Personal information
- Born: February 26, 1997 (age 29)
- Listed height: 6 ft 5 in (1.96 m)
- Listed weight: 220 lb (100 kg)

Career information
- High school: duPont Manual (Louisville, Kentucky);
- College: UNC Asheville (2015–2016); Louisville (2017–2020);
- NBA draft: 2020: undrafted
- Playing career: 2021–2022
- Position: Small forward

Career history
- 2021: Santa Cruz Warriors
- 2022: Cleveland Charge

Career highlights
- Big South tournament MVP (2016);
- Stats at Basketball Reference

= Dwayne Sutton =

American basketball player (born 1997)

Dwayne Sutton (born February 26, 1997) is an American former professional basketball player He played college basketball at UNC Asheville and Louisville.

==Early life and high school==
Sutton grew up in the Russell neighborhood of Louisville, Kentucky and attended duPont Manual High School. Sutton was named All-Seventh Region and honorable mention All-State by The Courier-Journal after averaging 21 points per game in his junior season. As a senior, he finished eighth in the state with 24.4 points per game and sixth with 12.1 rebounds per game and was named first team All-State and a finalist for Kentucky Mr. Basketball. Sutton committed to play college basketball at UNC Asheville during the summer going into his senior year over offers Wright State, Wofford, St. Francis and Pikeville.

==College career==
Sutton began his collegiate career at UNC Asheville. As a freshman, he averaged 12 points and 7.7 rebounds per game and was named to the Big South Conference All-Freshman team. He had 25 points and 18 rebounds in the Big South tournament title game against Winthrop and was named the tournament MVP. Following the end of the season, Sutton left the program and transferred to Louisville.

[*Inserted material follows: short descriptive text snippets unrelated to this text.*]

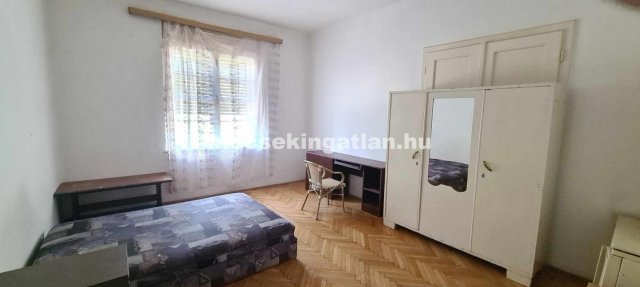 Kiadó téglalakás, albérlet, Pécsett 75 E Ft / hó, 1 szobás
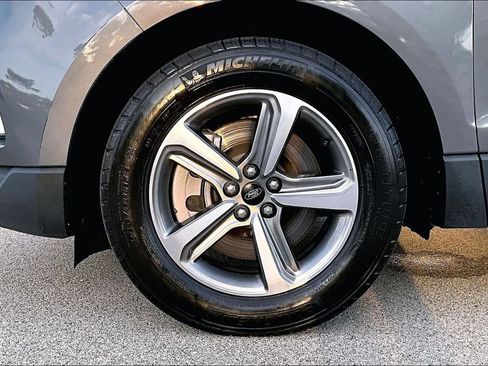 Used 2024 Ford Edge SEL w/ Convenience Package AWD/4WD image 9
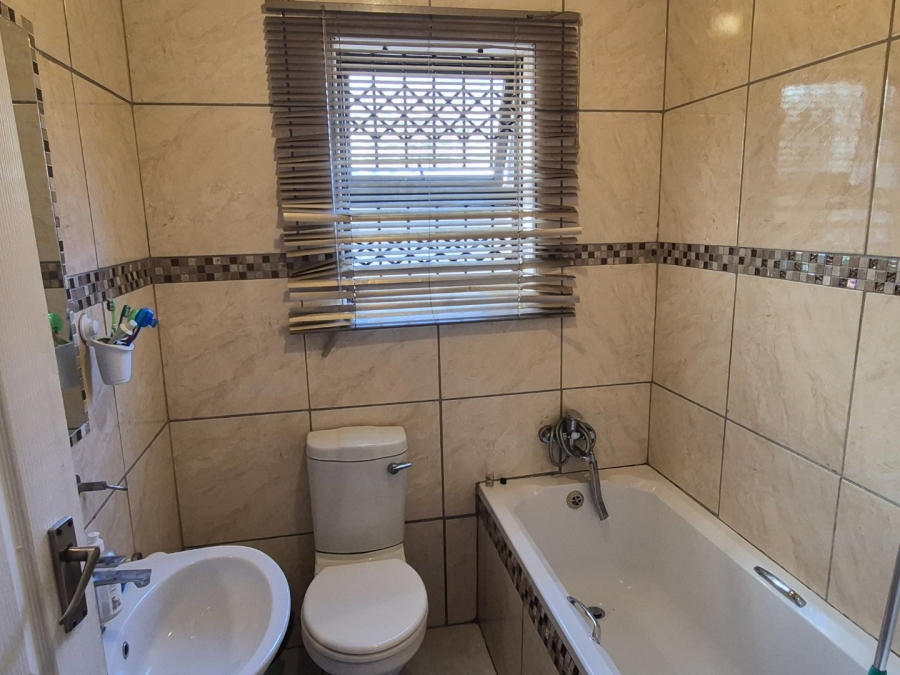 3 Bedroom Property for Sale in Kwadwesi Eastern Cape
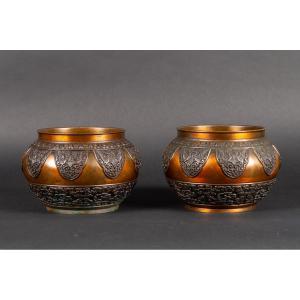 Paire De Cache-pots, Bronze, Japon, ère Meiji (1868-1912).    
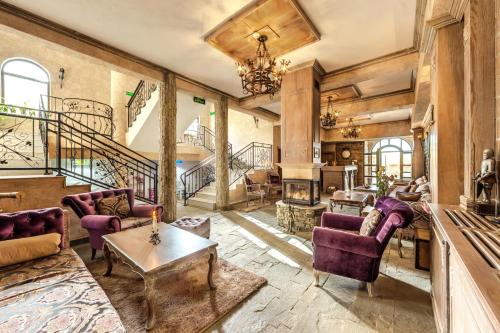 Előcsarnok, Royal Spa Valentina Castle in Ognyanovo Előcsarnok, Royal Spa Valentina Castle in Ognyanovo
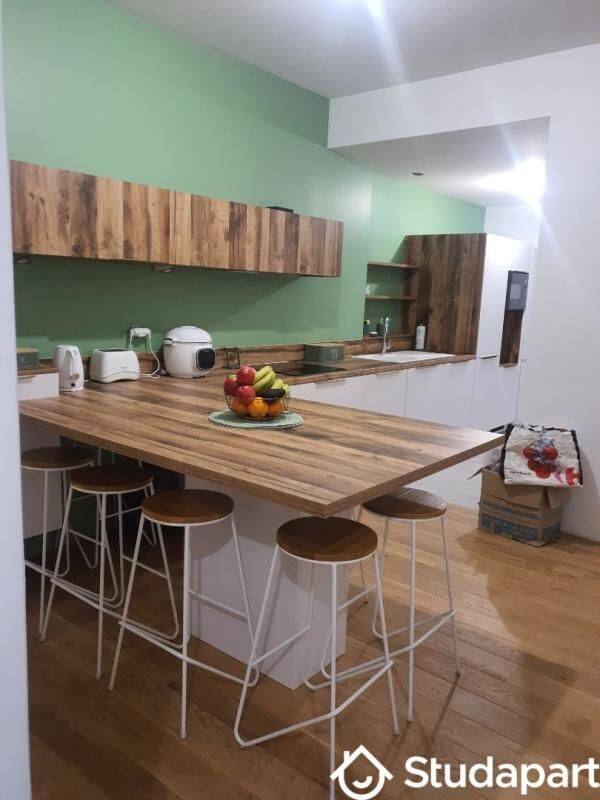 1 pièce 11 m² · à Lille · 11 m² · 530 €/mois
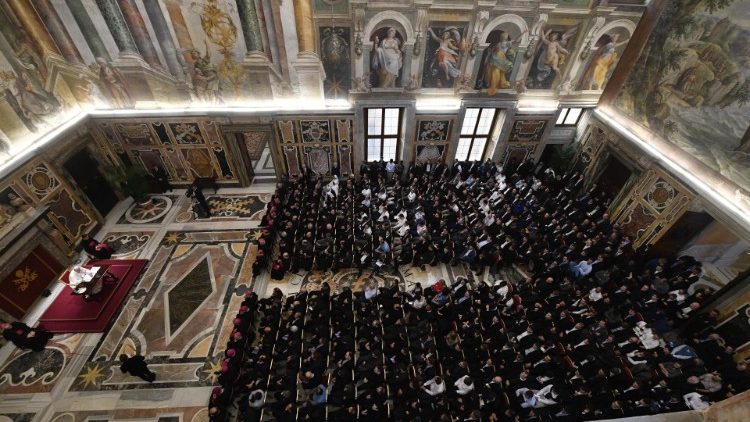  Papa takohet me seminaristët e Lombardisë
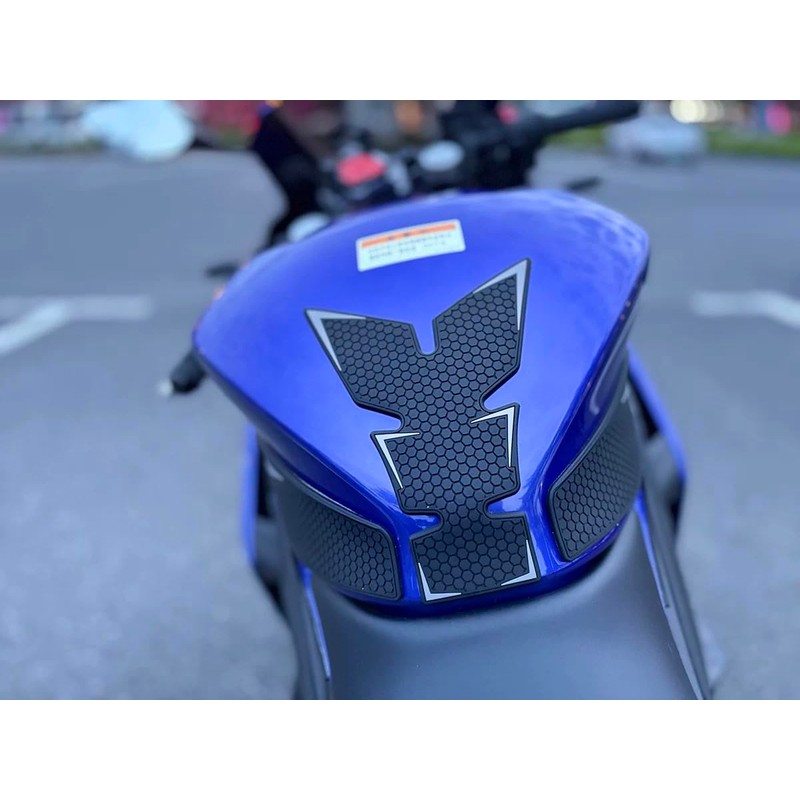 Motorcycle Tank Grip Protector Pads, Anti-Slip Honeycomb Design, Compatible with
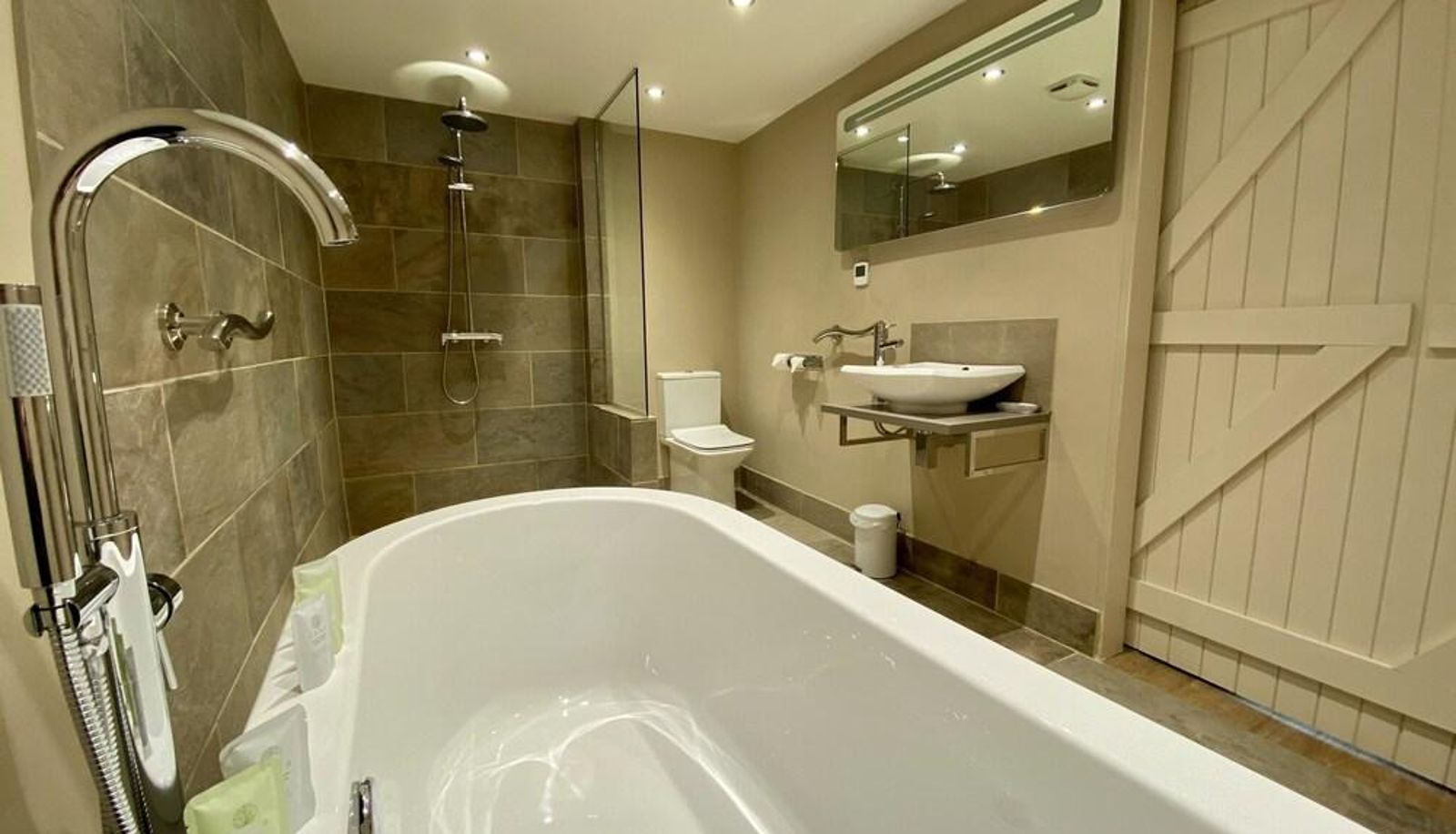 Superior room (double) - The Lion at Pennard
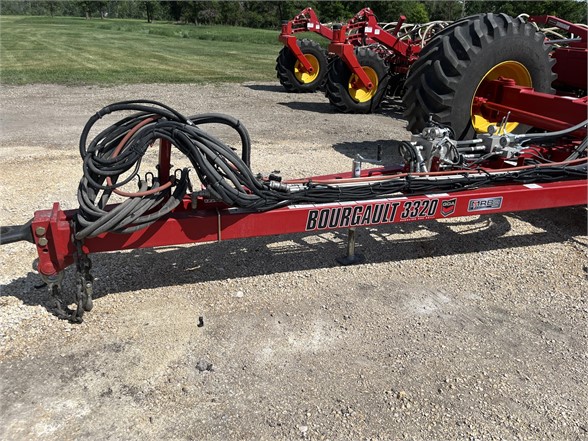 2016 Bourgault 3320-60 Air Seeder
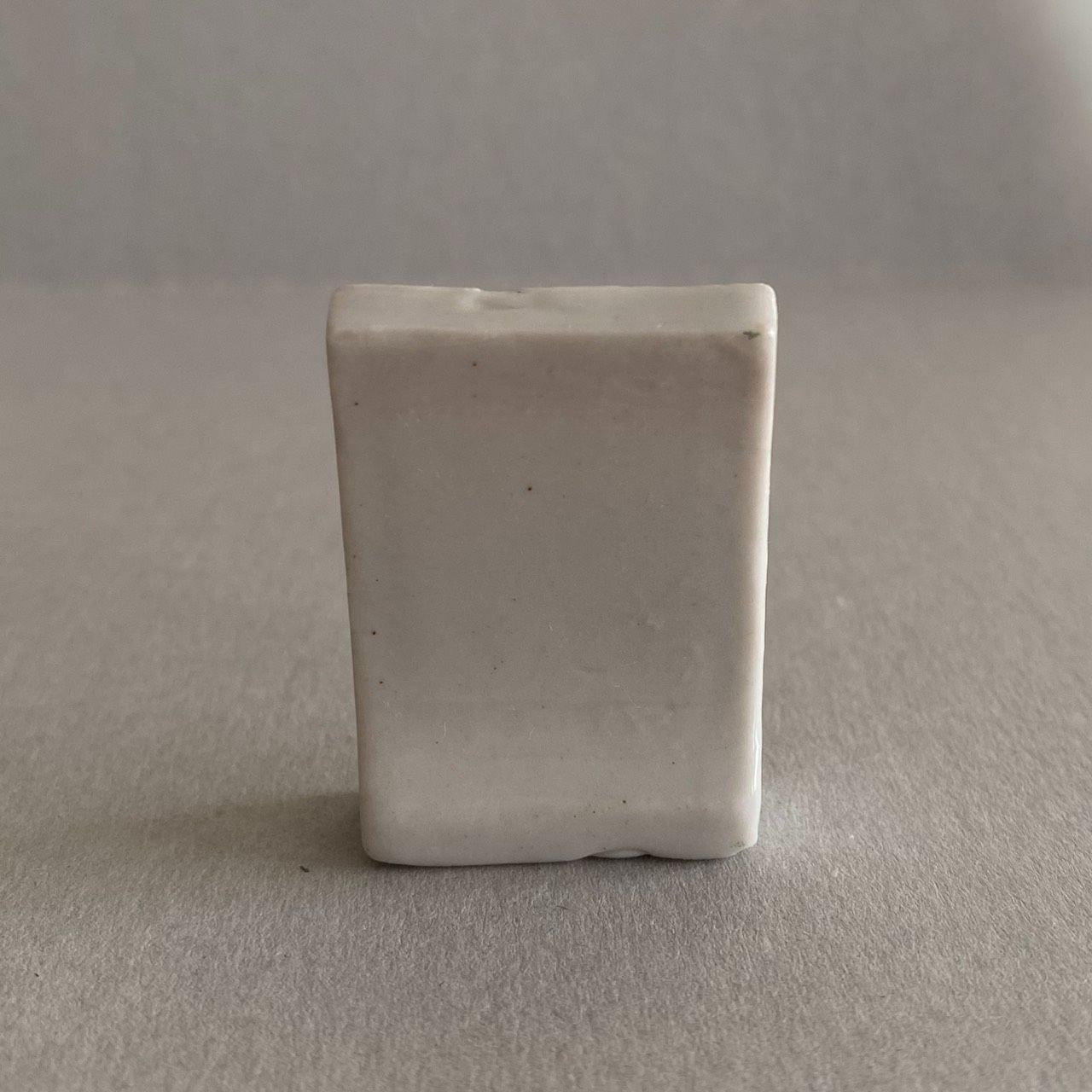 ケーキを運ぶ女性のフェーブ ※欠けあり／Hachette 1995／フランス雑貨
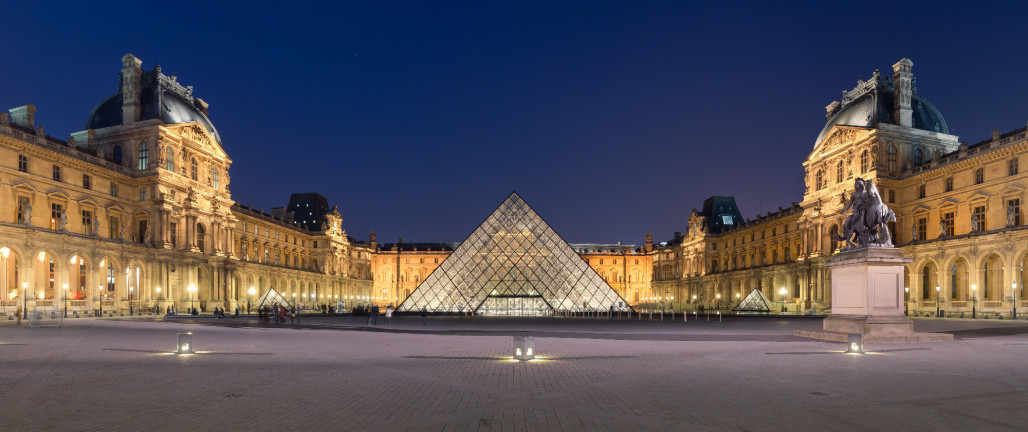 Műkincsekkel való csalással vádolják az Louvre előző vezetőjét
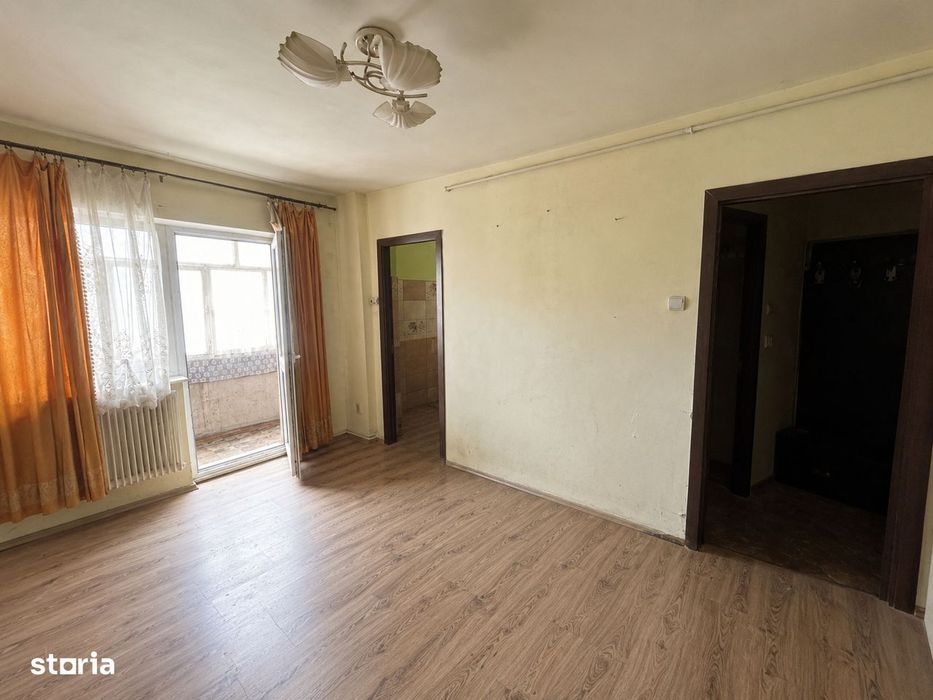 Racadau - Garsoniera de renovat, etaj 1/6, balcon generos!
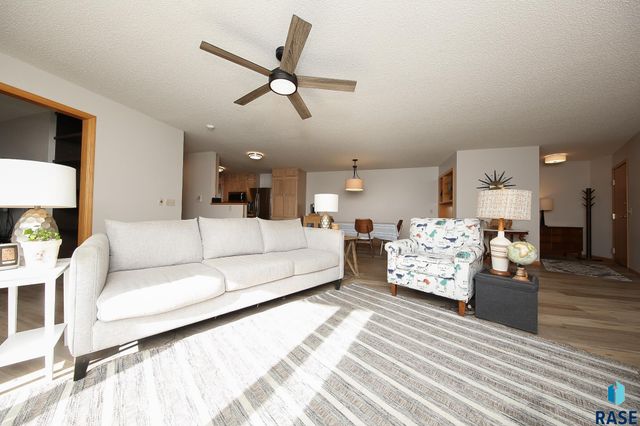 4605 W Custer Ln Lane 305, Sioux Falls, SD 57106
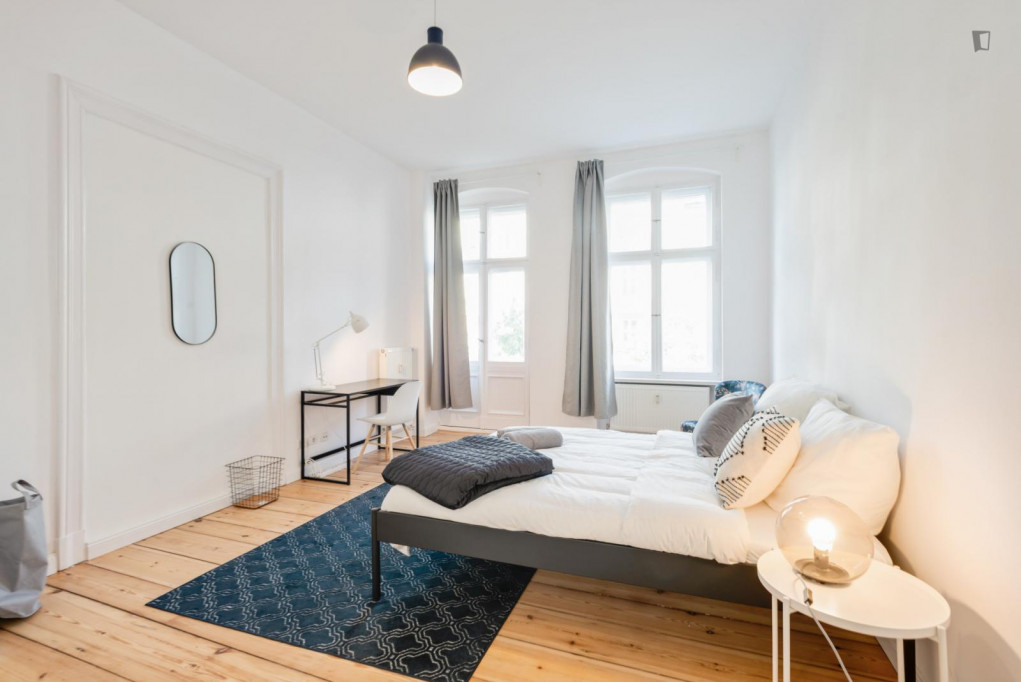 Tasteful single bedroom near S-/U-Bahn station - Berlin - chambre - ImmoJeune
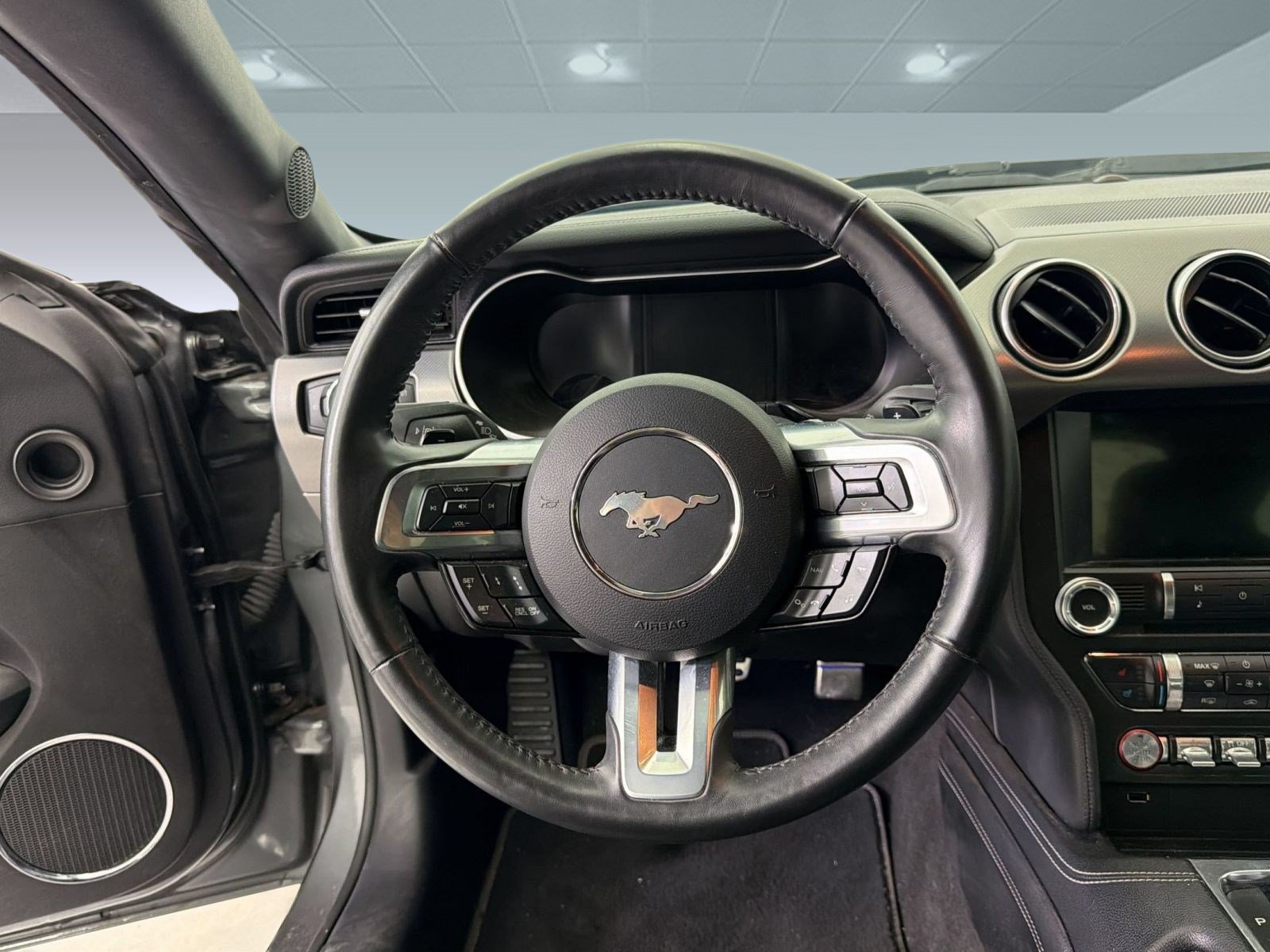 Used 2022 Ford Mustang GT Premium w/ Equipment Group 401A RWD image 11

Sutton joined the Cardinals as a walk-on and sat out one season due to NCAA transfer rules. As a sophomore, he came off the bench to average 4.3 points and 4.0 rebounds per game. He became a starter as a redshirt junior and averaged 10 points, 6.9 rebounds, 1.9 assists, and 0.9 steals per game. Sutton was named the Atlantic Coast Conference (ACC) Player of the Week on January 14, 2019, after scoring 12 points and grabbing 11 rebounds in an 89–86 overtime loss to Pittsburgh and scoring 17 points with 10 rebounds, seven assists and four steals in 83–62 win over 12th ranked North Carolina. As a redshirt senior, Sutton averaged 9.1 points, 8.2 rebounds and 1.7 assists in 31 games and was named honorable mention All-ACC.

==Professional career==
After going undrafted in the 2020 NBA draft, Sutton signed a contract with the Golden State Warriors with the expectation that he would compete in training camp for a two-way contract with the team. On December 18, 2020, the Warriors released Sutton.

===Santa Cruz Warriors (2021)===
On January 12, 2021, Sutton was included in roster of Santa Cruz Warriors which would participate the 2020–21 season in the ESPN Wide World of Sports Complex of Walt Disney World Resort located near Orlando. On February 23, 2021, the Santa Cruz Warriors announced that they had released Sutton due to a season-ending injury.

===Cleveland Charge (2022)===
Following his rehab from injury, Sutton signed with the Stockton Kings, but did not appear in a game for the team. On January 28, 2022, his rights were traded to the Cleveland Charge in exchange for Sheldon Mac.

On February 24, 2022, Sutton's rights were traded to the Memphis Hustle in exchange for Cameron Young.